Some of you have called/emailed to check on me (more than once). You have let me go on and ON about how hard I think life has become . . . and how I feel like if I can just hold on until Christmas, things will get better. If you've been in my shoes (Keisha, Tricia, and Kristy), you are my rocks . . . the ones that I look to when I really need to hear, "You will make it." If you are currently IN my shoes (Mary Evelyn and Heather), you and I have commiserated together, providing undeniable support and kindness. And if you aren't exactly where I am (Erica, Paula, Becky, Mauri, Erin, Kelly, and Angela), you have still made me feel better by pointing out my strengths and complimenting me on the way I am handing it all.

You all have made me feel better. Like it's human to feel this way. Like I'm actually doing something right.

Some of you have come to play or invited us to play at your house . . . a much needed outlet and much, MUCH needed adult time. Thank you to each of you that we've seen these past couple of weeks. You all have heard me out and helped me out.

The offers to watch Meg for me are fantastic . . . and I do want to take people up on those, when the time is right. The child is so bored around here . . . I'd be happy to let someone take her for an afternoon and give her the attention she so desperately needs and wants.

I could go on and on about you, my friends.

But really, what I want to say is THANK YOU. Thank you for noticing. Thank you for being my friends. I hope I can repay you all in some way . . . some day when life around here begins to feel more normal.

2 comments:

Tiffany Payment said...

I wish I was closer!!! :( I'm sorry I haven't been around much, life is super busy over here.
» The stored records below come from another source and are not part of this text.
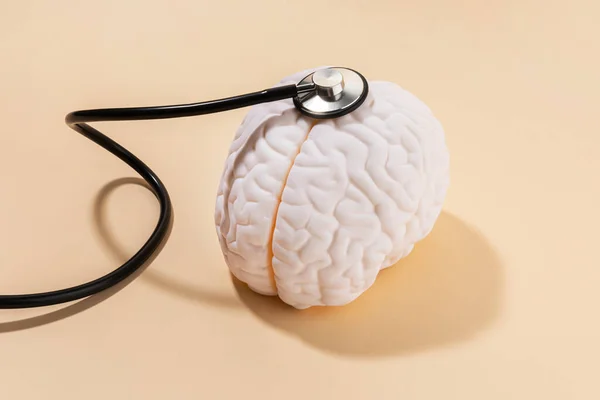 Cérebro Saúde Demência Série Examinar Uma Miniatura Cérebro — Fotografia de Stock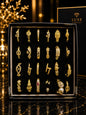 Premium Gold-Plated Adjustable Ring Set – 24 Luxury Statement Designs | Korean Fashion Jewelry Collection(pack of 24)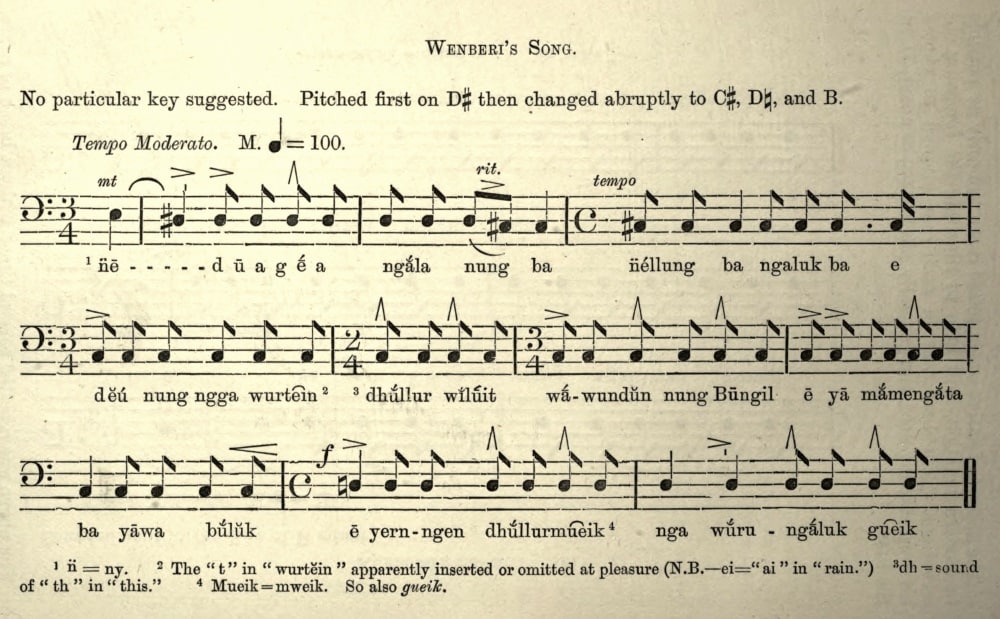 25.2 Wenberi's song (Torrance 1887, 338)
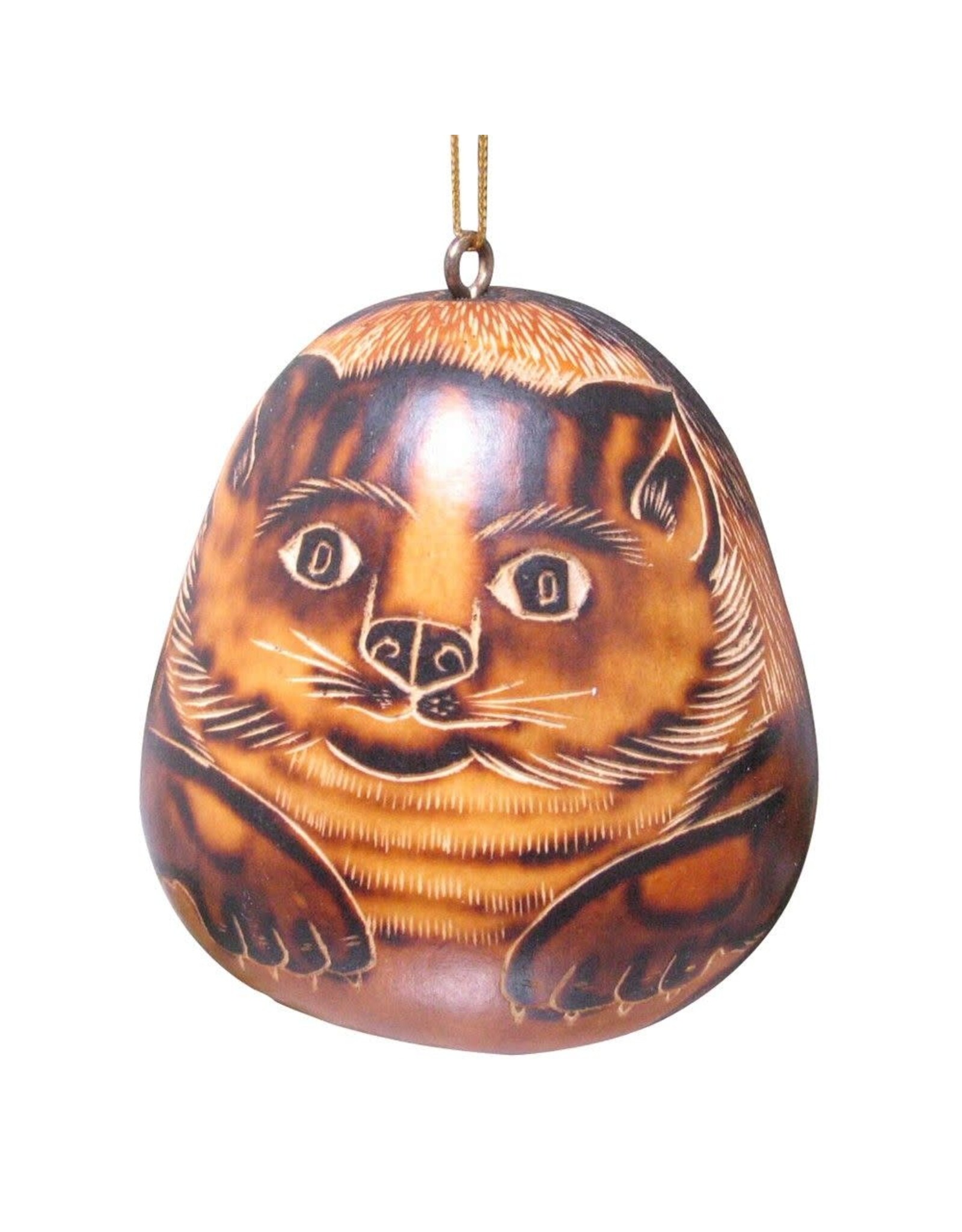 Trade roots Cat Mini Gourd Ornament, Variety of Designs, Peru, Sold Individually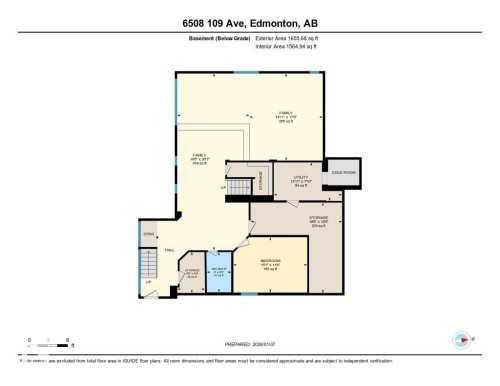 Floor plan - 6508 109 Avenue Nw, Edmonton, AB 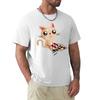 Cute Cat With Sushi Rolls Tshirt Functional Casual Short Sleeve Tee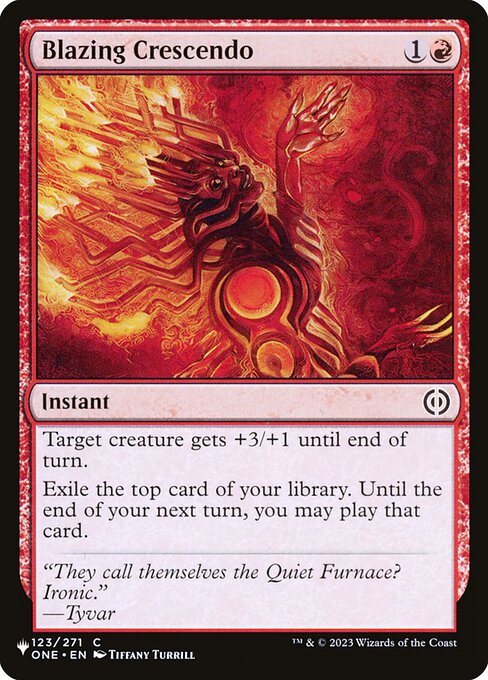 Blazing Crescendo highlighted card art
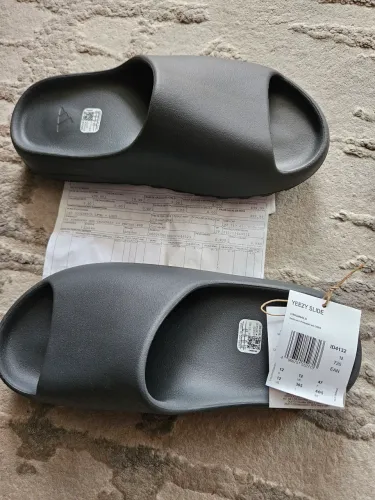 Chinelo Adidas Yeezy Slide Granite ID4132 tam 44/45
I will have my own adjusting to do very, very soon! I wonder if 3-4 is that big of a jump? Hmm...

Remember that your girls know they are loved, it's just a new time to test mommy and see how far she bends. Stay confident and strong and say "I love you" a thousand times a day. It most definately gets easier. You find ways to adjust and change and things have their own way of working out!

Think of you all everyday!

Anonymous said...

You are doing a wonderful job managing life right now! You have 2 amazing little girls who are so sweet and pleasant to be around. Keep up the hard work!!!